Grant McLachlan - New Zealand Herald - Column
Phil Goff painting himself into corner over North Rodney
To view the original article, please click here.
Auckland Mayor Phil Goff's position against a North Rodney referendum to break away from the Super-City paints him into a corner. Many in North Rodney feel ignored by his council, yet Goff is against the area deciding its future.
Residents north of the Johnstone's Hill tunnels don't feel like they are getting value for money out of the Super-City, yet Goff is scaremongering that rates will spike if the area goes it alone.
I was part of a focus group commissioned by the Local Government Commission which discussed North Rodney issues. Going into the group, I didn't have a position either for or against secession. After reviewing the information available, the status quo concerned me.
Rodney District once stretched from Te Arai to the north to Bethells Beach to the south. It had a mayor and councillors based in Orewa. Under the Super-City, the Hibiscus Coast became part of the Albany Ward and the remaining area is represented by one councillor and a local board.

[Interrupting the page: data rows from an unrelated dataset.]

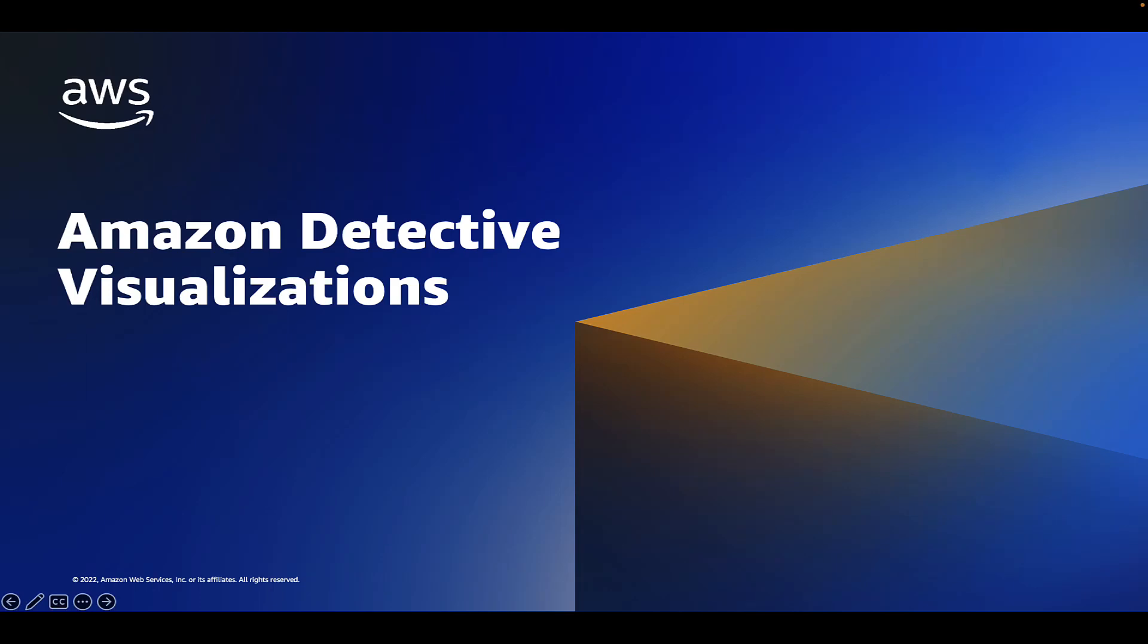Welcome everyone. In this video, I'm going to give you an overview and demo of Amazon Detective's Graph Visualization and Finding Groups functionality that enables you to save time and more quickly investigate security events in your environment.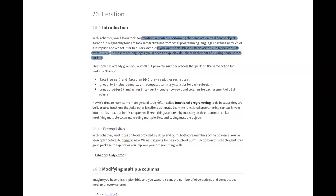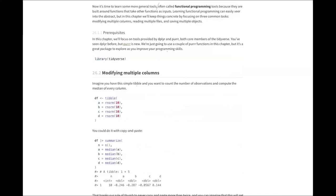Hello everyone. Today I'm going to explain Chapter 26, which is about iteration. In this chapter, we deal with three major tasks: how we can iterate within a single database, how we deal with the iteration process when we have multiple databases, and also when we produce some kind of output, how we can deal with those multiple outputs — saving, exporting, or importing.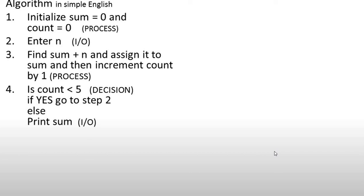We will add this condition in our decision symbol which will check if count is less than 5. When it reaches 5, we will print the sum and end the program.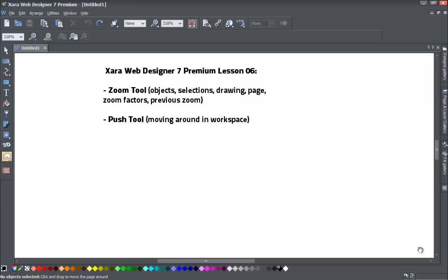Welcome to XR Template tutorial number 6 for XR Web Designer 7 Premium Software. In this tutorial we'll be going over the zoom tool and the push tool. For the zoom tool, we'll be going over how to zoom in on objects, how to zoom in on a selection, how to zoom in on a drawing, how to zoom the page, and how to zoom at various zoom factors. We'll also go over reverse zooming to zoom to a previous zoom state.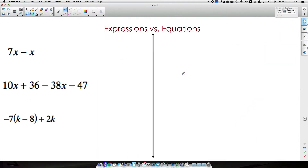In this video we're going to look at expressions and compare them to equations. These are two words in algebra that students often get mixed up — they do the wrong operations with expressions or the wrong operations with equations. I want to stress the importance of how to simplify expressions versus how to solve equations. You simplify expressions; you solve equations.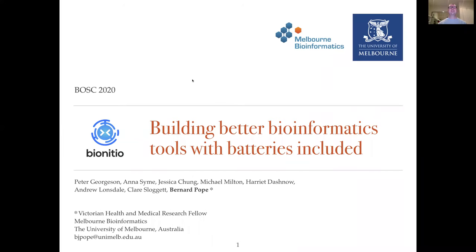Hi everyone. Thank you for viewing this presentation. My name is Bernard Pope and I will be talking about BioInitio for building bioinformatics tools with batteries included.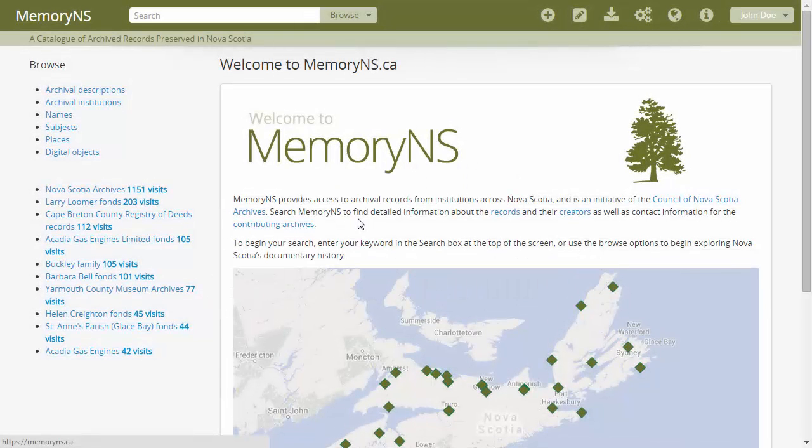Name authority records describe unique persons, families, and corporate bodies in A to M, typically as creators.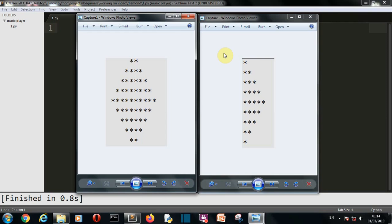First, let me list out the fundamental concepts that you must be aware of so that you can understand this video very clearly. Although I'll explain each and every line in detail, if you are already aware of these concepts it will be a plus point. You should know the difference between a string and an integer data type, how a for loop works, how a range function works and how both work in combination, and how if and else conditions work.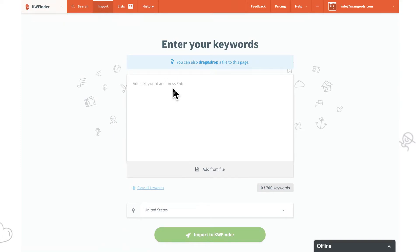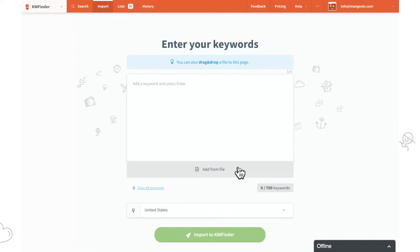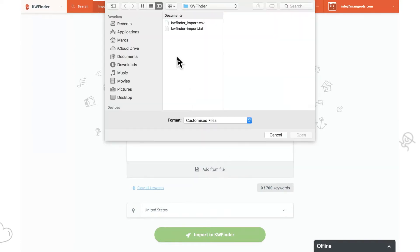We can import keywords by writing them, copy and pasting, we can even drag and drop a file or upload a file. It can be CSV or a TXT.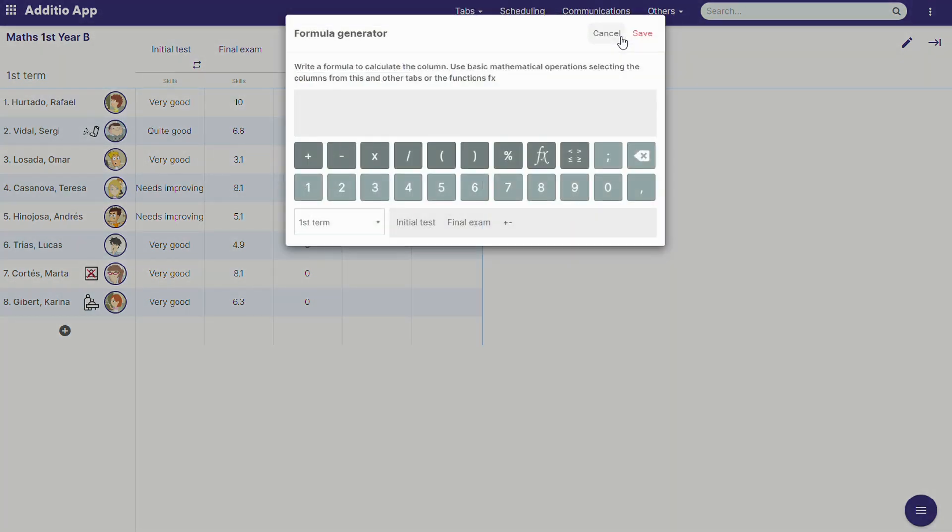We click save, and now we have a formula generator. The formula will be, for example, the final exam, and we will add or subtract the positives or the negatives.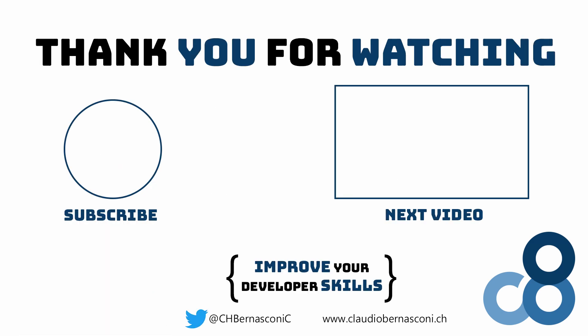If you made it that far, thanks for watching and don't forget to like and subscribe. See you in the next! Bye!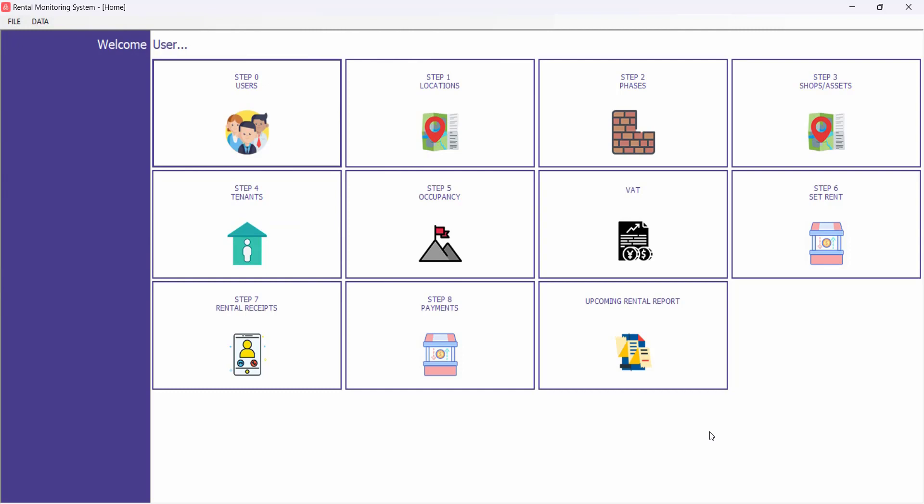I hope you enjoyed this video. This software is available for everybody who wants to buy it — please let me know in the comments. Thank you so much, see you in the next video.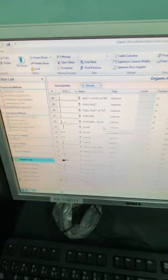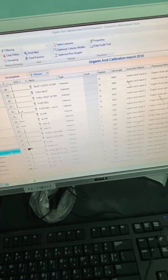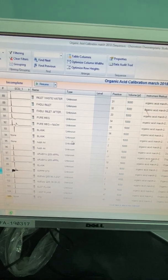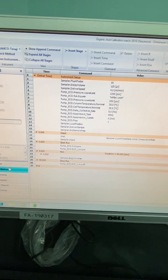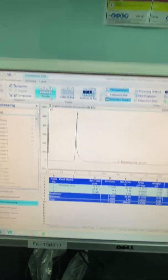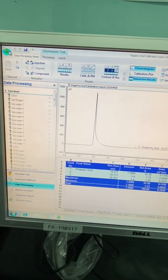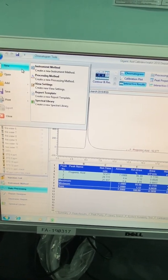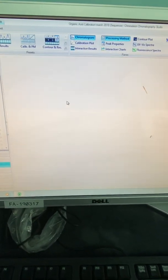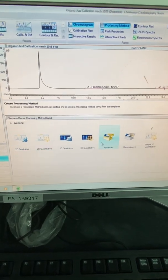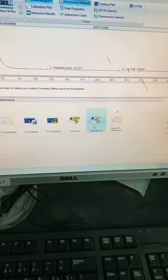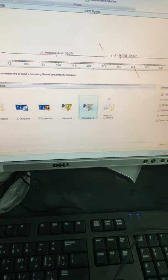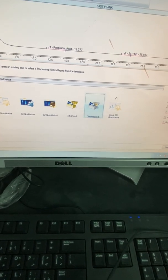Now consider you have injected your blank and the standard and you want to do calibration. So, first of all to do the calibration from your processing method. This is the data processing method. You have to mention like new processing method.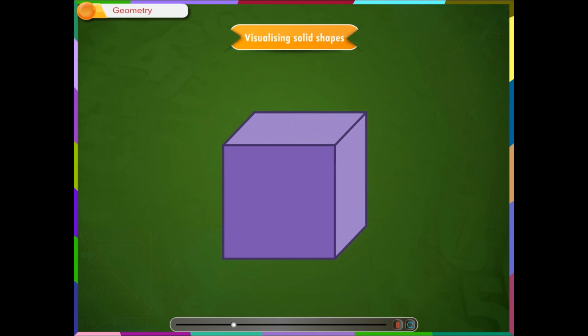Faces: The polygonal region of any solid is called its face.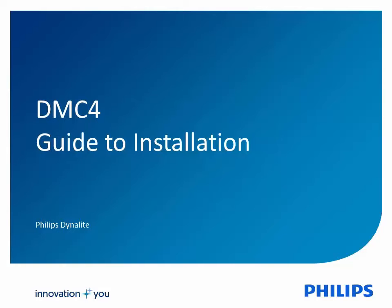DMC4 Guide to Installation. This guide explains how to install the modules, circuit breakers, wiring looms, and insulating caps in the Philips Dynalite DMC4 Multipurpose Modular Controller.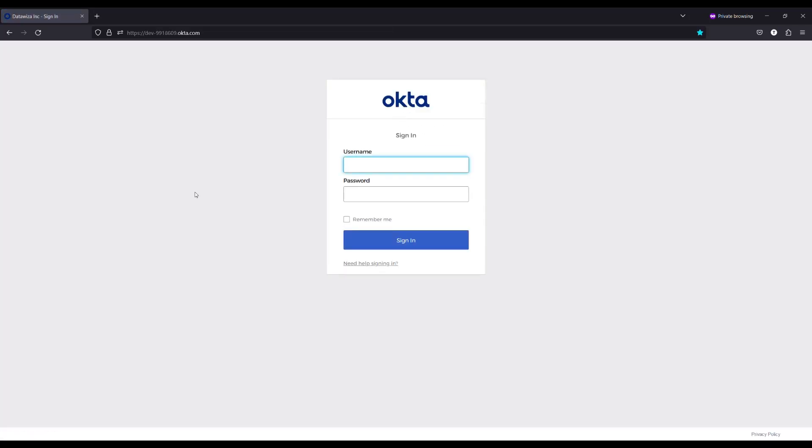After entering the credentials, the user should be able to login successfully and see the home page of the app.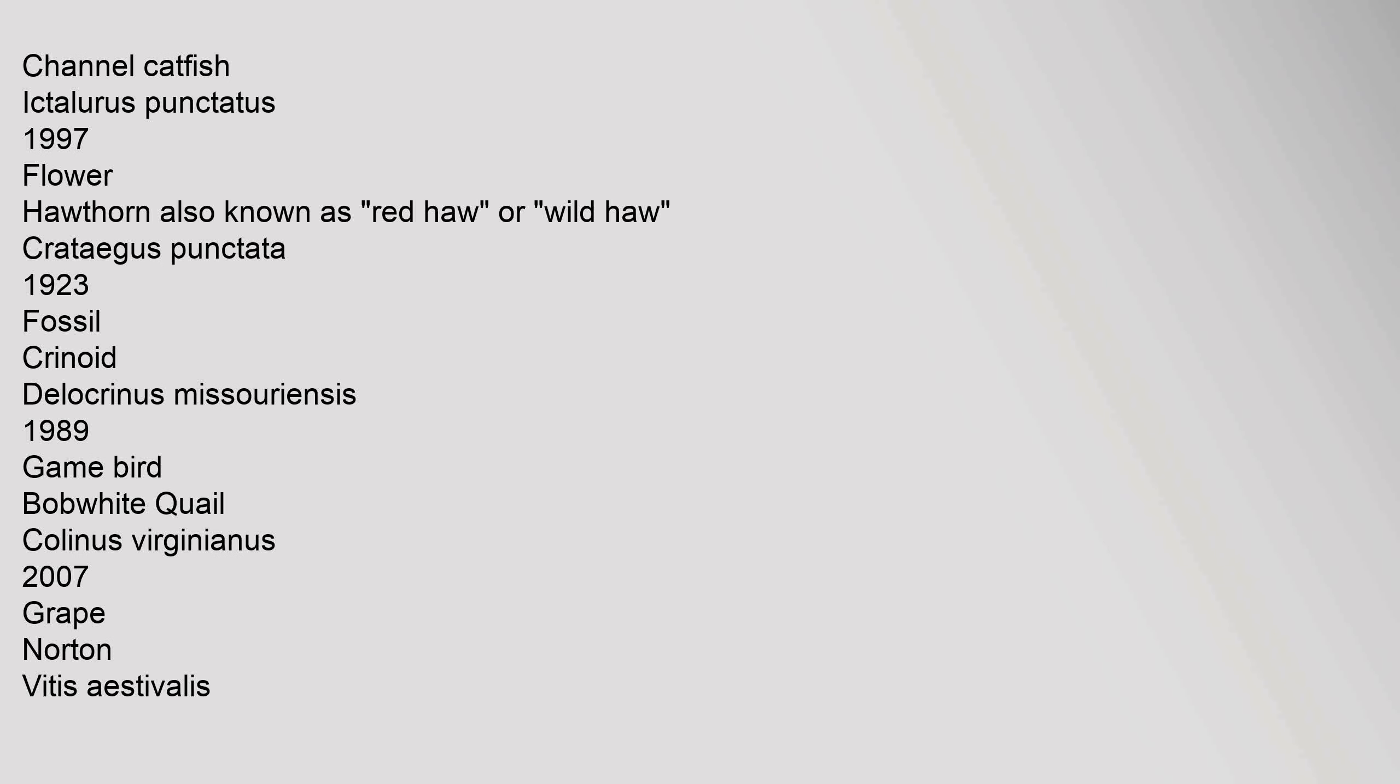Fish: channel catfish, Ictalurus punctatus, 1997. Flower: hawthorn, also known as red haw or wild haw, Crataegus punctata, 1923. Fossil: crinoid, Delocrinus missouriensis, 1989. Game bird: bobwhite quail, Colinus virginianus, 2007. Grape: Norton, Vitis aestivalis.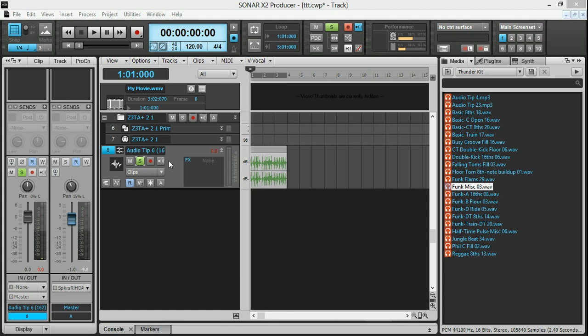I've got this audio track set up with a little bit of a drum line on it. I'm going to play it back for you.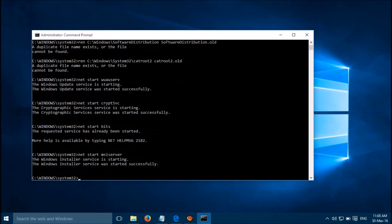It's finished. Please restart your system and your Windows Store should be working fine. Please let us know if it's not working. Thanks for watching.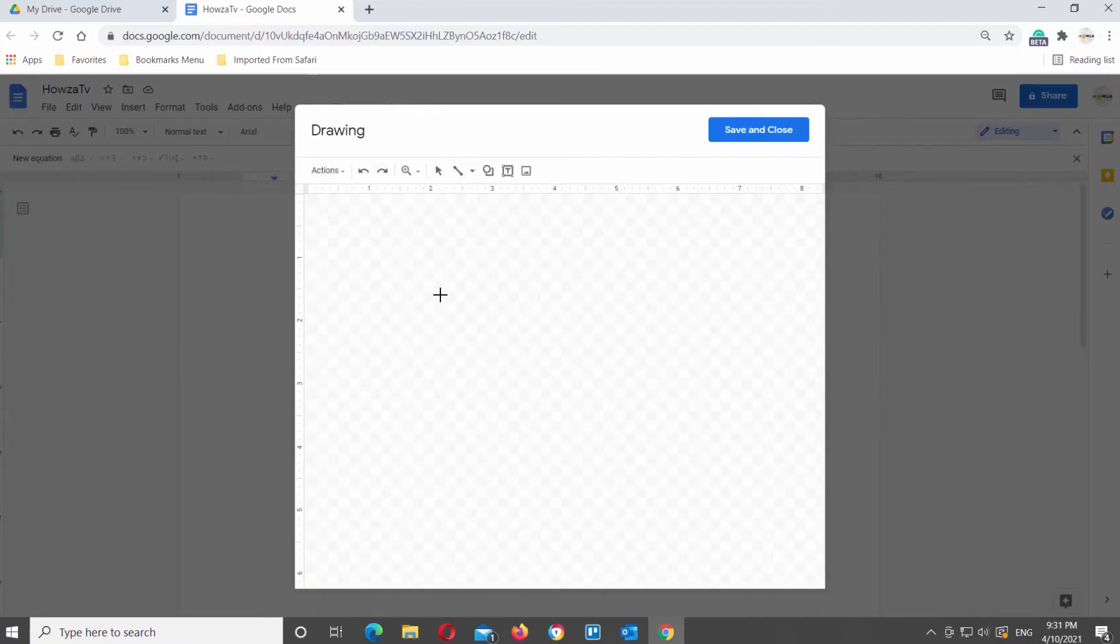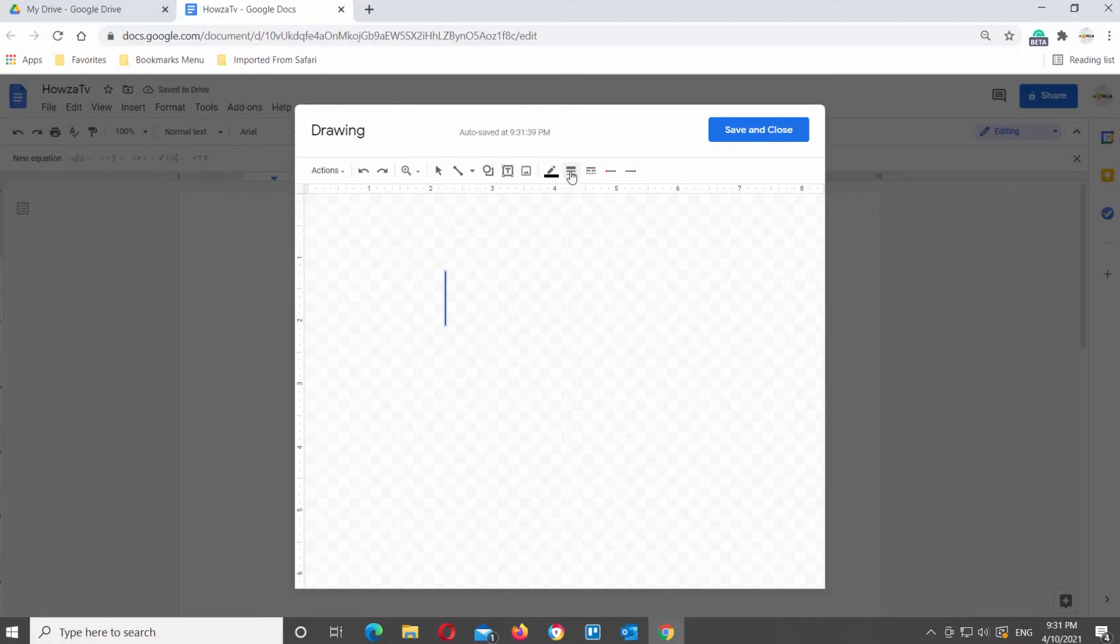Click on the line at the top tools bar. Draw a line. Click on the line weight at the top tools bar. Choose the line weight that you need from the list.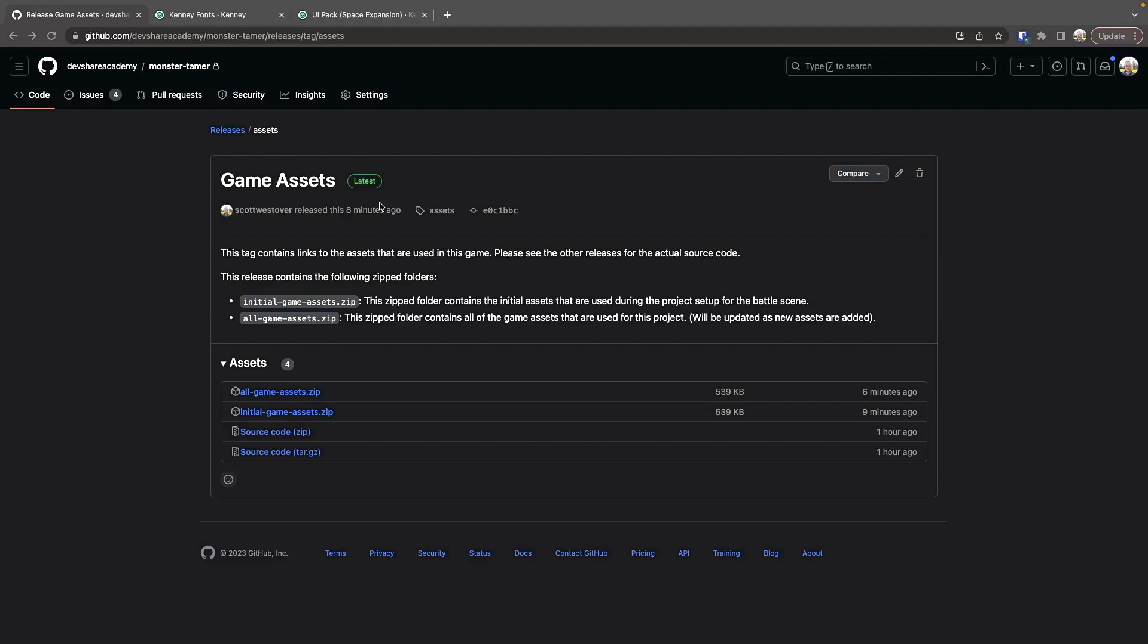There will be a few zip folders currently, and in the future there will be more. There's going to be this initial game assets folder, and there'll be a link to the direct download as well. If you click on this, it's going to start the download and pull down the initial assets we need for our game.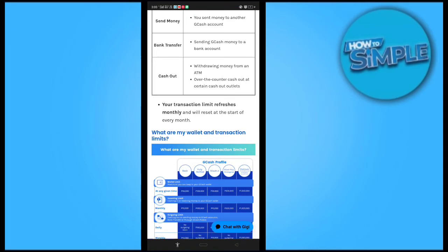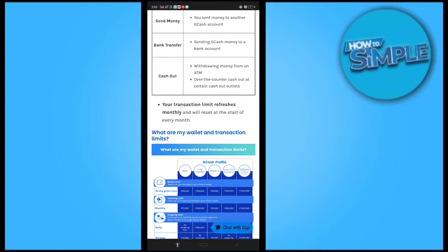Your limit refreshes monthly. Every month your transaction limit is refreshed and may increase or decrease. To increase it, click on the chat option to get help from GCash support.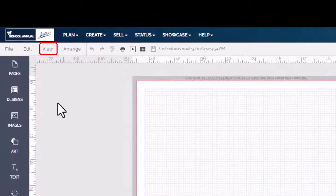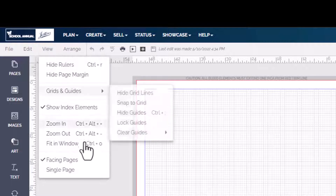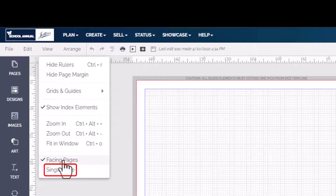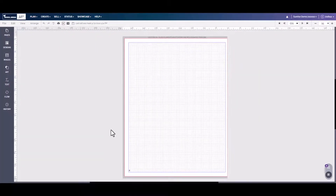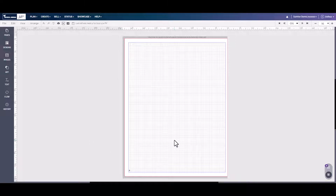To prevent this, we go up to View. Instead of facing pages, we select single page. Now the student working on page six or page seven can work independently and save independently without having to worry about the other one.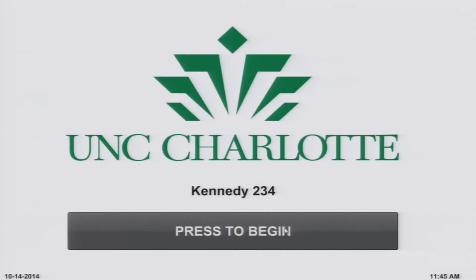Welcome to the Kennedy Active Learning Classroom touch panel tutorial. Click press to begin to start the class. During the system startup you will see the following screen.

North Rodney doesn't have strong connections with the rest of the Rodney Ward. Dairy Flat is part of North Shore whereas Kumeu and Helensville are more aligned to West Auckland.
Decisions affecting the Rodney Ward are largely out of the hands of local representatives. The local board has mostly a window-dressing role, often needing to lobby unelected officials at so-called "council controlled organisations". What limited discretionary budget they do have is spent on trinkets, like parks and festivals.
Auckland Council has decided that Warkworth will swell from a population of 4500 to 25,000 over the next decade at a faster rate than the necessary infrastructure. The perception is that decisions are secretly made to satisfy two or three developers rather than the communities affected.
Auckland Council is bloated. Too many consultants clip the ticket, making even small projects cost prohibitive. When mistakes are made, blame disappears into a gulf of six-figure-earning bureaucrats.
So when Goff says that a smaller North Rodney council will result in a rates hike, few believe him. The perception is that rates and development financial contributions from the area disappear into pet projects elsewhere.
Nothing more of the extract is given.